══ Dataset entries ══

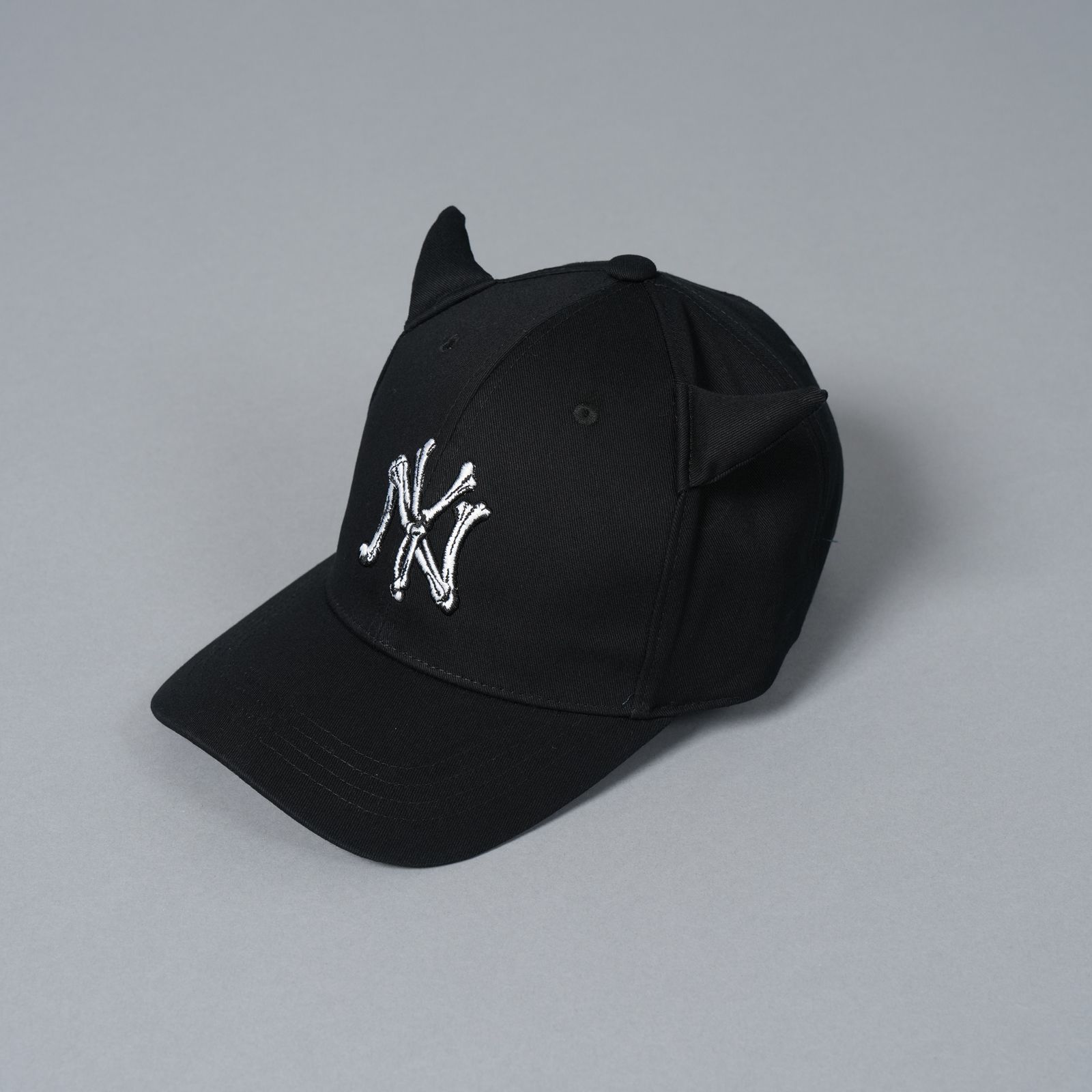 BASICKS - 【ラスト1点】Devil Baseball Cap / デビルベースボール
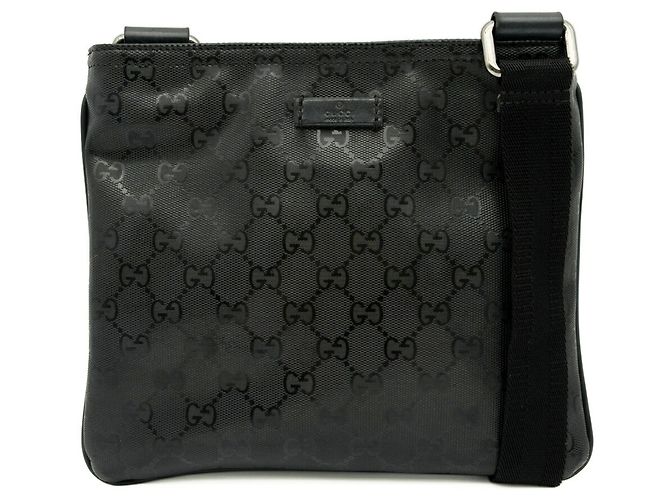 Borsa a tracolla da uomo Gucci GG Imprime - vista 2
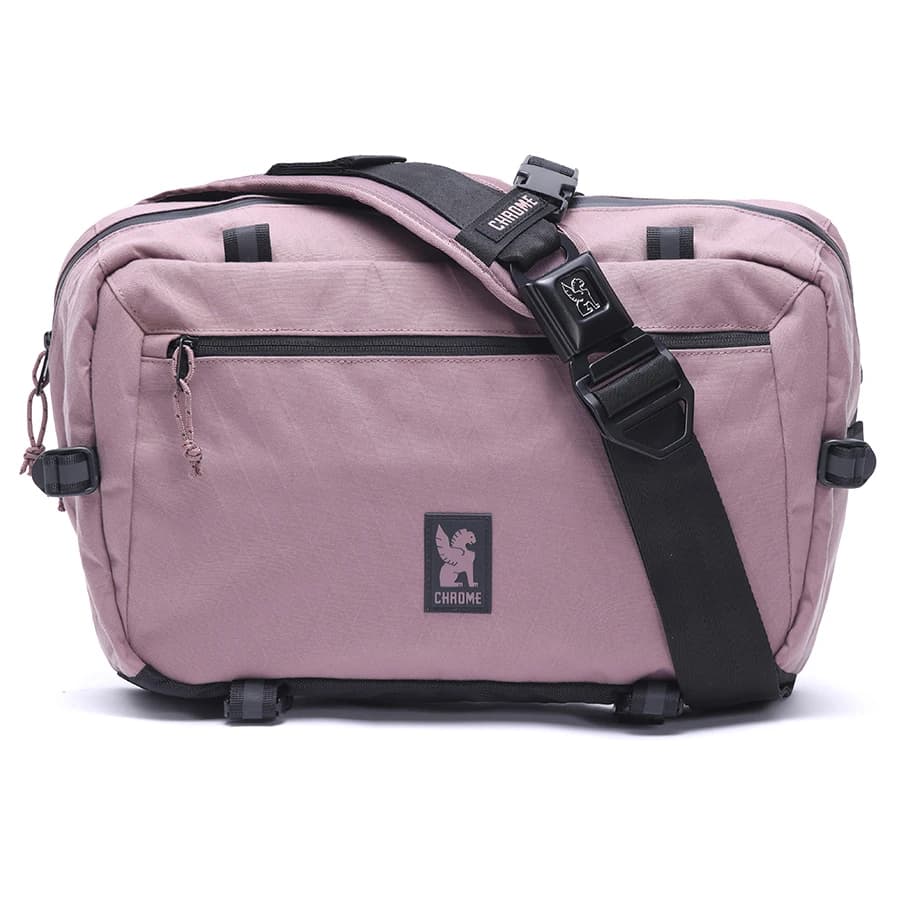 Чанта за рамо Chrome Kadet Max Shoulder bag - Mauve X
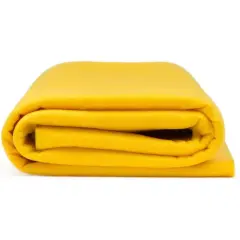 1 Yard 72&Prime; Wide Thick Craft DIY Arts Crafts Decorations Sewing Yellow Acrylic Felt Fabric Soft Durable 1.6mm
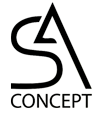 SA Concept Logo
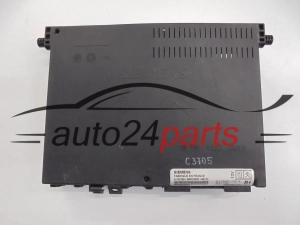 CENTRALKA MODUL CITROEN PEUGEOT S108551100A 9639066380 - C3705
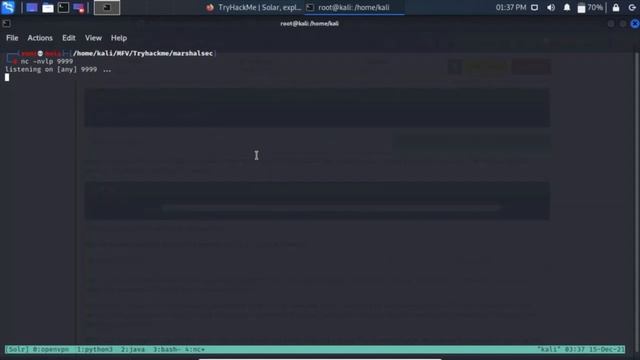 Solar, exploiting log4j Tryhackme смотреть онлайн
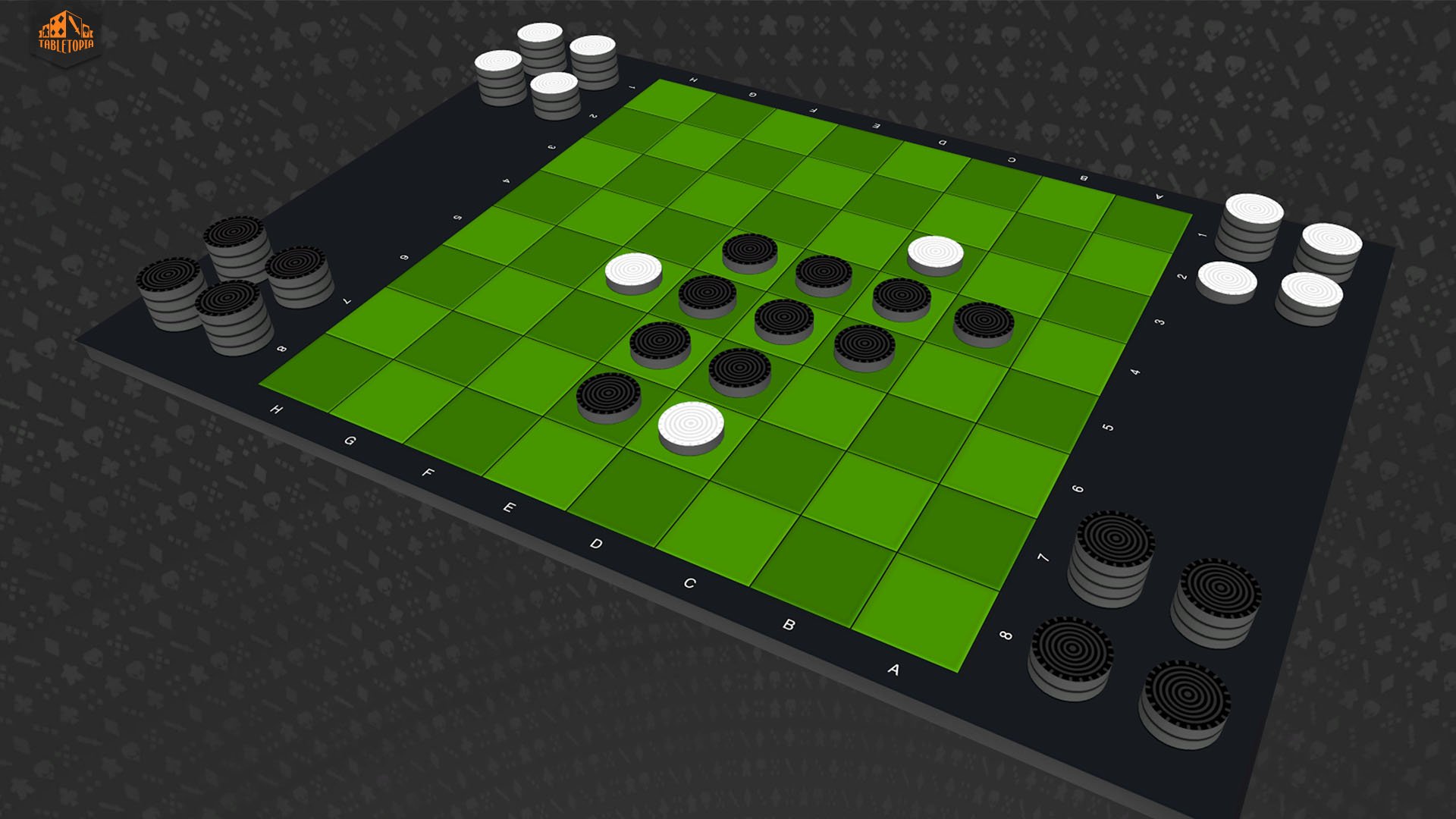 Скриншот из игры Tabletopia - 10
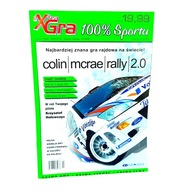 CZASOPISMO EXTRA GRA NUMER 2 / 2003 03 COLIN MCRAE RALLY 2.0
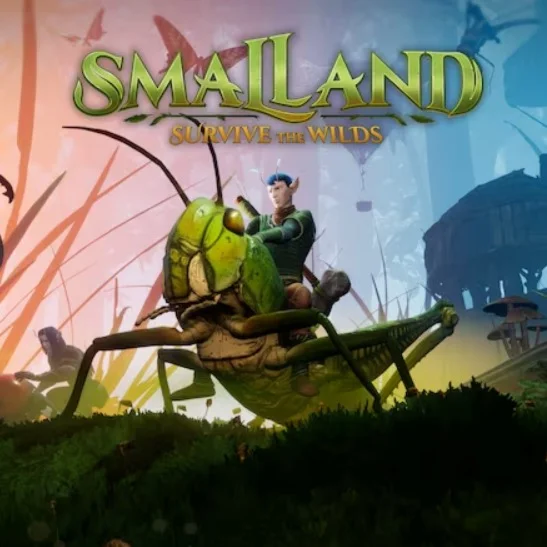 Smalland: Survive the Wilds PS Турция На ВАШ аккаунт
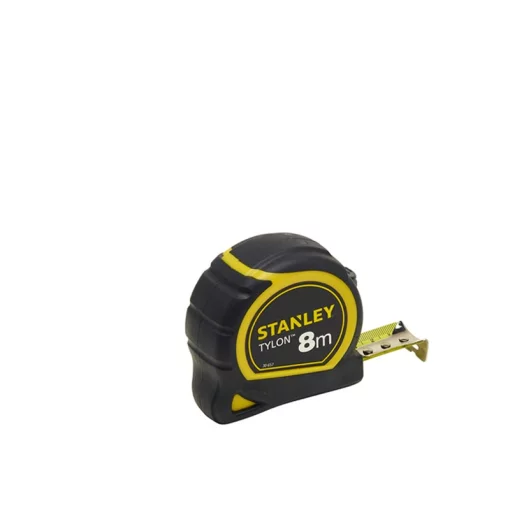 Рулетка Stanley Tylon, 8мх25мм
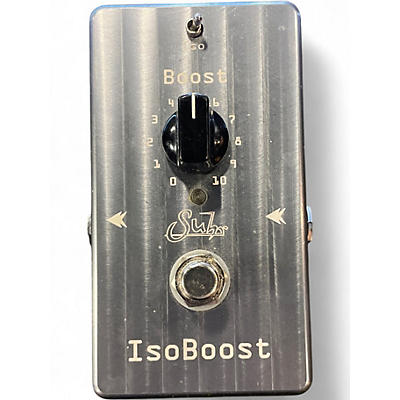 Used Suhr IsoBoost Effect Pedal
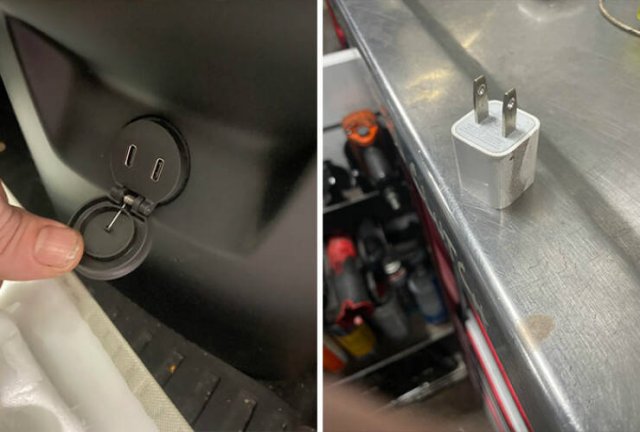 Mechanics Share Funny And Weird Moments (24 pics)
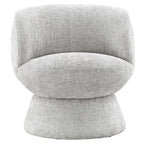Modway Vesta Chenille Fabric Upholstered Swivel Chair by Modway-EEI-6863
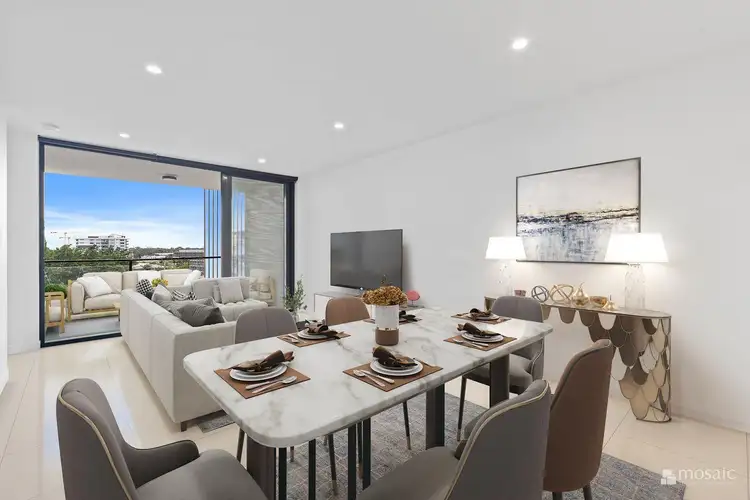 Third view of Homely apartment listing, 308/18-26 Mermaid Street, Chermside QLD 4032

═══

* About this exercise
Set down exactly, from the line that contains "Скриншот из игры Tabletopia - 10" through the last line of the data, each line as it stands, and leave the pictures out.

* Your response
 Скриншот из игры Tabletopia - 10
 CZASOPISMO EXTRA GRA NUMER 2 / 2003 03 COLIN MCRAE RALLY 2.0
 Smalland: Survive the Wilds PS Турция На ВАШ аккаунт
 Рулетка Stanley Tylon, 8мх25мм
 Used Suhr IsoBoost Effect Pedal
 Mechanics Share Funny And Weird Moments (24 pics)
Modway Vesta Chenille Fabric Upholstered Swivel Chair by Modway-EEI-6863
 Third view of Homely apartment listing, 308/18-26 Mermaid Street, Chermside QLD 4032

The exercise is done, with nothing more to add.